Published Last updated

Modular hexagonal floating covers are independently floating tessellated elements that deploy without anchors; continuous floating covers are single-piece sealed membranes (often anchored) suited to full gas capture and environmental containment.

At a glance

Metric Hexagonal floating cover Continuous floating cover
Surface coverage 99% effective (AWTT) ~100%
Anchors required No Yes
Deployment with active reservoir Yes No (drain required)
Lifecycle 25+ years Variable (anchor wear)
Gas capture No Yes
Tolerance of irregular shorelines Native Custom fabrication

Choose modular when surface management is the goal; choose continuous when full sealing or gas capture is the goal. Hybrid deployments are common.

The modular case

  • Anchorless deployment
  • Deploy on active reservoir without draining
  • Tolerant of dynamic water levels and irregular shorelines
  • 25+ year lifecycle
  • Per-element replacement maintains long-term coverage

The continuous case

  • Full sealing (100% coverage)
  • Methane / biogas capture
  • Environmental containment
  • Regular reservoir geometry assumed

When Continuous floating cover makes sense

Continuous floating covers are appropriate when full gas capture is the design goal (biogas methane recovery) or when complete sealing is required for environmental compliance.

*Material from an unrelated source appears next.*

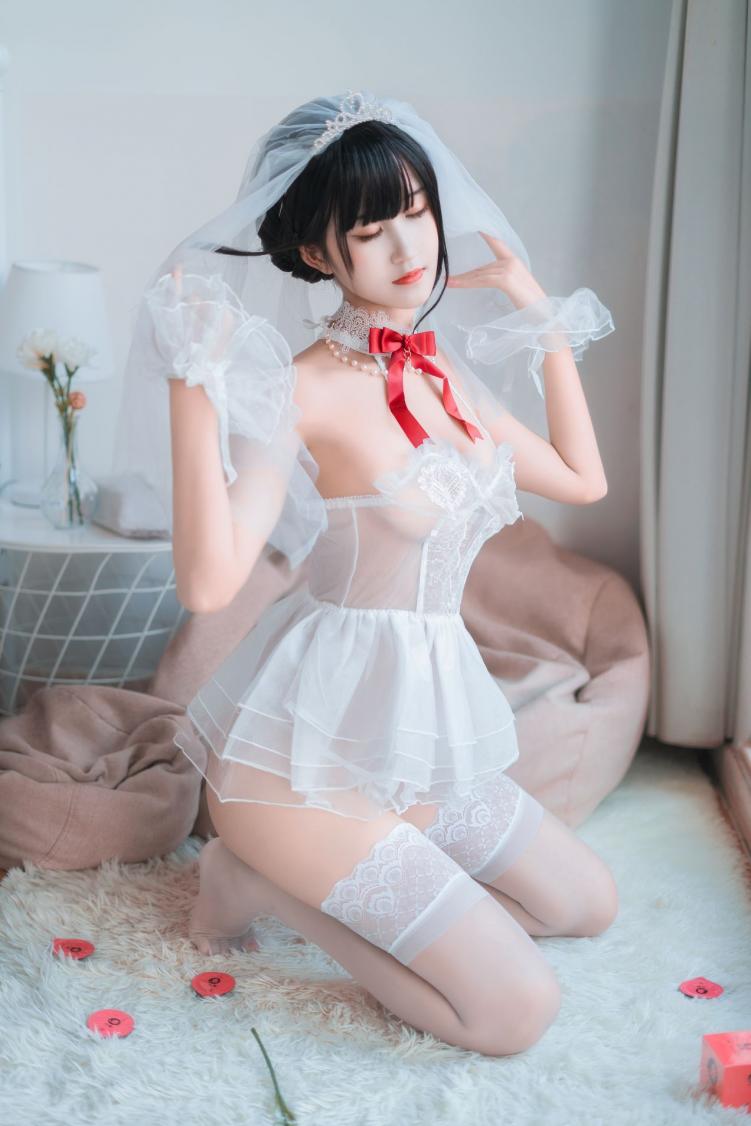 知名动漫博主@三度_69 婚纱孔雀翎 [24P388MB] - 图片2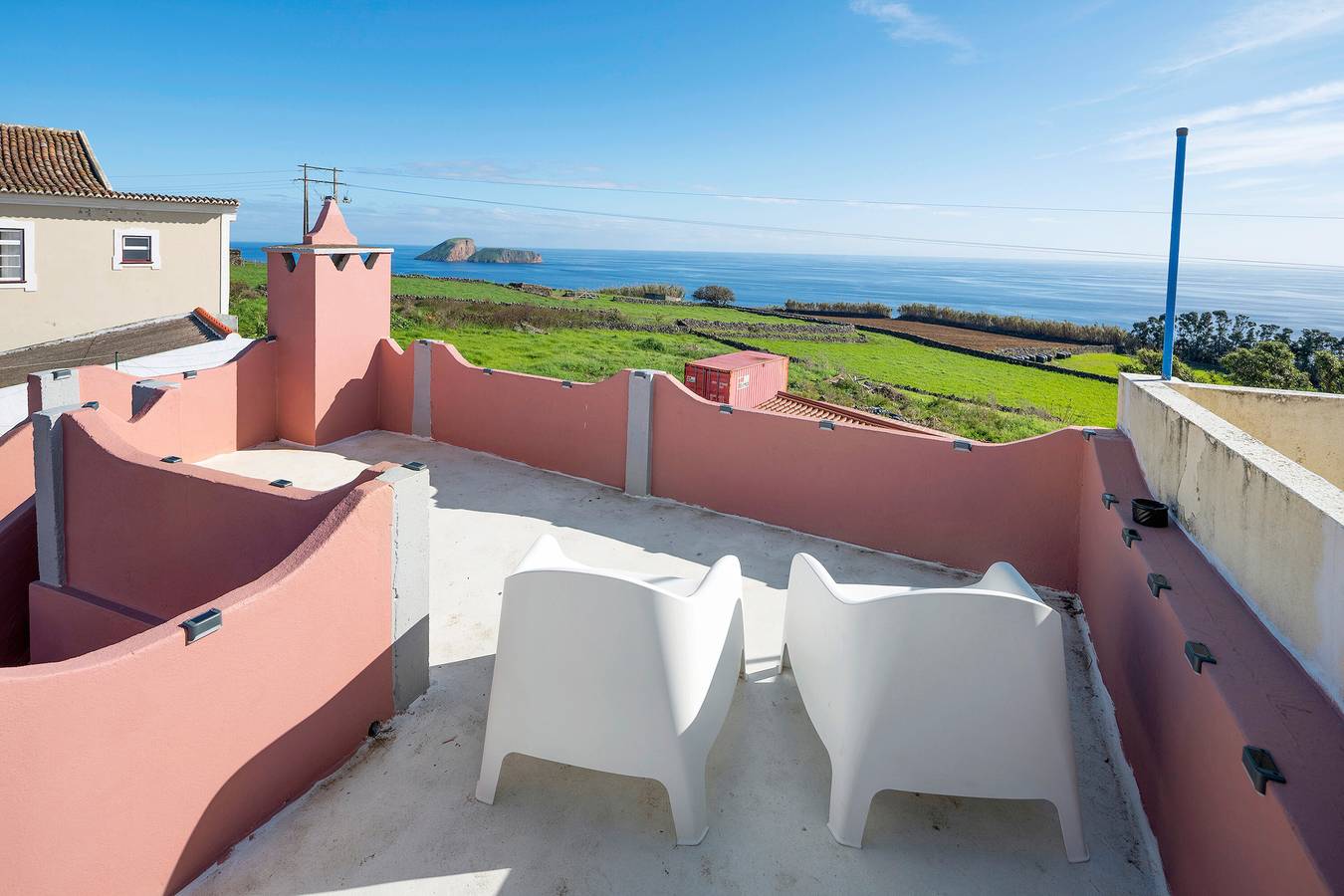Villa 'Santo Amaro' con vistas al mar, terraza privada y Wi-Fi in Ribeirinha, Terceira (Azores)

Modular covers do not replace sealed environmental membranes.

Frequently asked questions

Can the two be combined? #
Yes — hybrid deployments are common: continuous membrane on the digester core for methane capture, modular hexagonal on adjacent storage and effluent ponds for surface management.
Why is modular preferred for evaporation control? #
Modular covers deploy on operating reservoirs without draining, tolerate dynamic water levels, and have a self-ballasting geometry that needs no anchors. For evaporation, algae, odor, and heat retention, the surface coverage is what matters — and modular delivers it at a fraction of continuous-membrane installation cost.
When does continuous beat modular? #
When full sealing is required — methane capture for biogas operations, environmental containment for regulated chemistries, applications where partial gas exchange is unacceptable. Continuous geomembrane is the right format for the small fraction of cover deployments with these specific operating requirements.
How do anchor systems affect continuous-cover lifecycle? #
The anchor system is often the lifetime-limiting component. Dynamic water level cycling, wind loading, and freeze-thaw all stress the perimeter anchors. Most continuous geomembrane failures are at the anchor interface, not within the membrane itself.
What is the per-m² cost difference? #
Modular hexagonal is typically €25-35/m² installed; continuous geomembrane is €60-120/m² installed depending on grade and anchor scope. The price gap reflects the additional installation work and engineering.
Are continuous covers required for specific regulatory regimes? #
Some regulators specify continuous sealing for hazardous water containment (e.g. cyanide tailings under specific national regimes, sulphide-bearing process water above community-pressure thresholds). For most industrial water surface management, modular is sufficient and compliant.